Caption-style text data:
▬▬▬▬▬▬
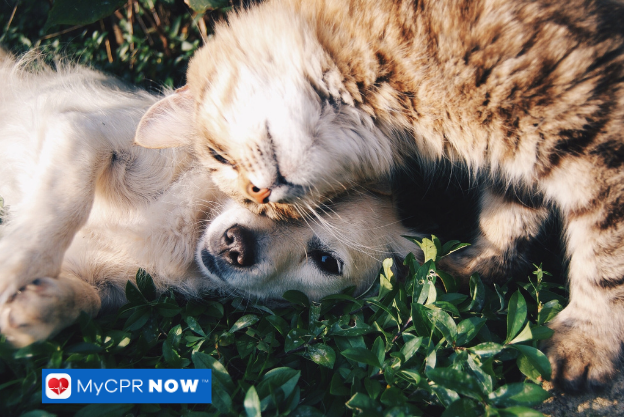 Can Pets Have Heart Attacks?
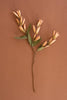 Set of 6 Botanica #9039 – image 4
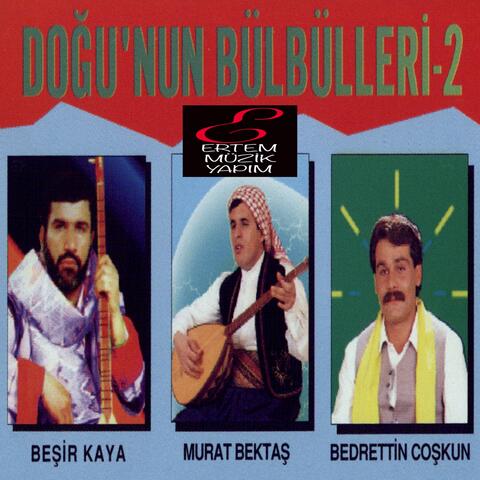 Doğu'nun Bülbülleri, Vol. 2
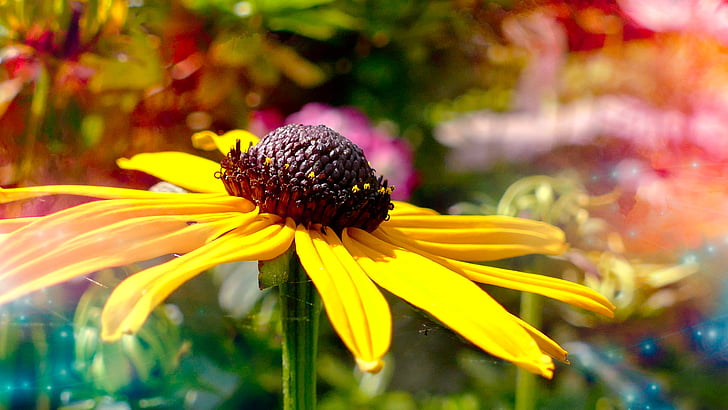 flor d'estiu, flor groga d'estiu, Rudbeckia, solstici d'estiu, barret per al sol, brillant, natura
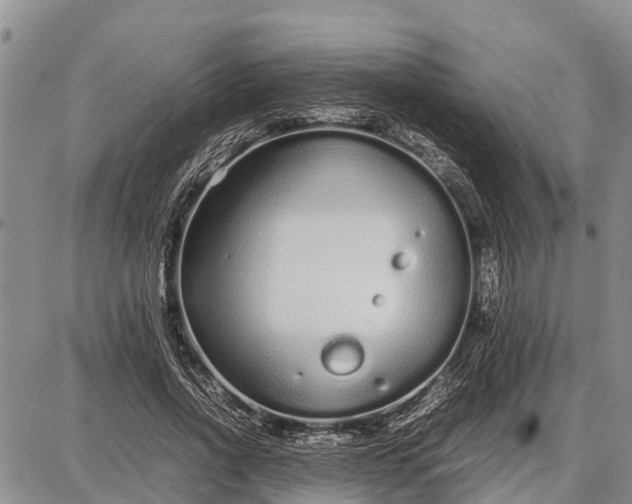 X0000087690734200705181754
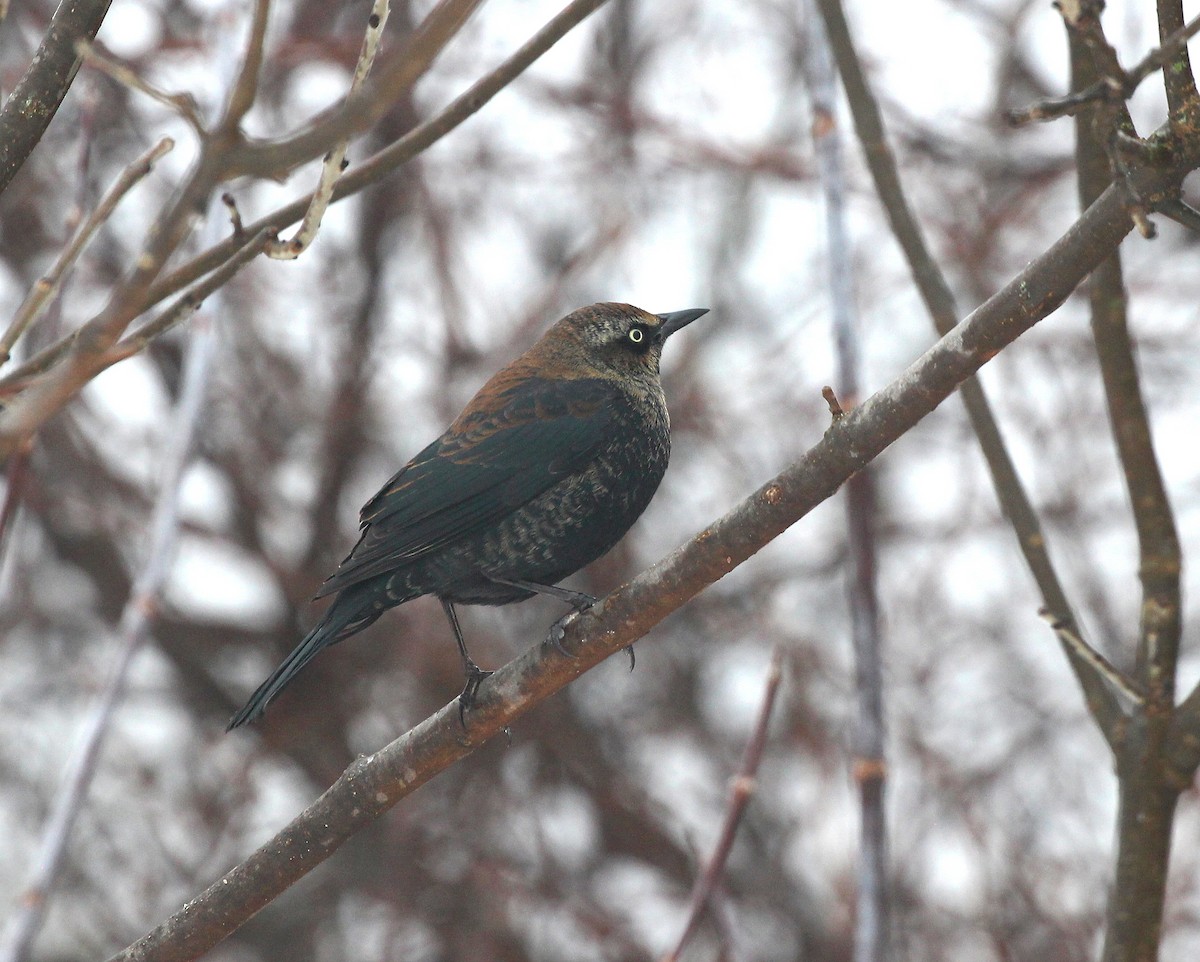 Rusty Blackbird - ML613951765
▬▬▬▬▬▬
# WHAT THE TASK REQUIRES
Starting at the line that contains "X0000087690734200705181754", reproduce every line through the last one in the records exactly, and omit all pictures.

# RESULT OF THIS TASK
 X0000087690734200705181754
 Rusty Blackbird - ML613951765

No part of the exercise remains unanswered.